Colorado corporate bylaws establish the framework for how the corporation will be governed. They include protocols for conducting meetings, electing directors and officers, issuing shares, and making essential business decisions. Typically drafted after the filing of the articles of incorporation with the Colorado Secretary of State, these guidelines are essential for the effective management and operation of corporations.
While they are not required to be filed with any governmental body, they are a necessary component of the incorporation process in the state, being legally binding on all shareholders and directors.
Legal Requirements
According to state law, bylaws are not mandatory but may be adopted during the initial meeting if desired (Colo. Rev. Stat. § 7-102-106). However, nonprofit corporations might need to create bylaws to obtain tax-exempt status from the IRS. Here are some legal requirements to consider when drafting the bylaws for your corporation:
- Annual Meetings – § 7-58-506.
- Corporate Bylaws – § 7-102-106.
- Issuance of Stock – § 7-106-202.
Naming Considerations
- Required Words: “Corporation,” “Incorporated,” “Company,” “Limited,” or an abbreviation thereof (choose one).

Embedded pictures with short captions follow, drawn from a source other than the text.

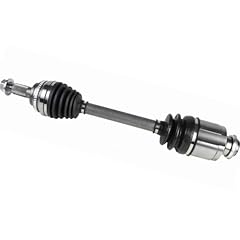 Vormornix front right for sale  Delivered anywhere in USA 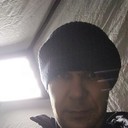 ,   , 46 ,   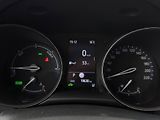 Toyota C-HR (2023) 1.8 e-CTV 72kW, ČR, 1. Maj., S - náhled 17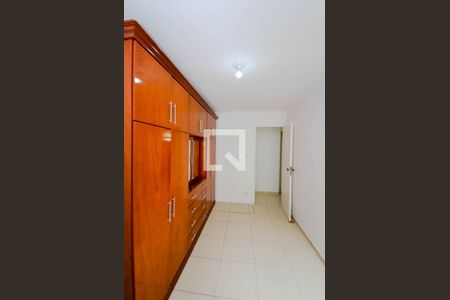 Quarto 1 de apartamento à venda com 2 quartos, 65m² em Jardim Sao Judas Tadeu, Guarulhos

- Prohibited Words: Any term violating any statute of the state.
- Name Reservation Period: 120 days.
- Renewal Period: Renewable (for successive 120-day periods).
- Transferability: Yes.
Emergency Bylaws
The board of directors can establish emergency bylaws establishing procedures for managing the corporation during emergencies. An emergency is declared if a quorum of directors cannot be obtained due to a catastrophic event (§ 7-102-107).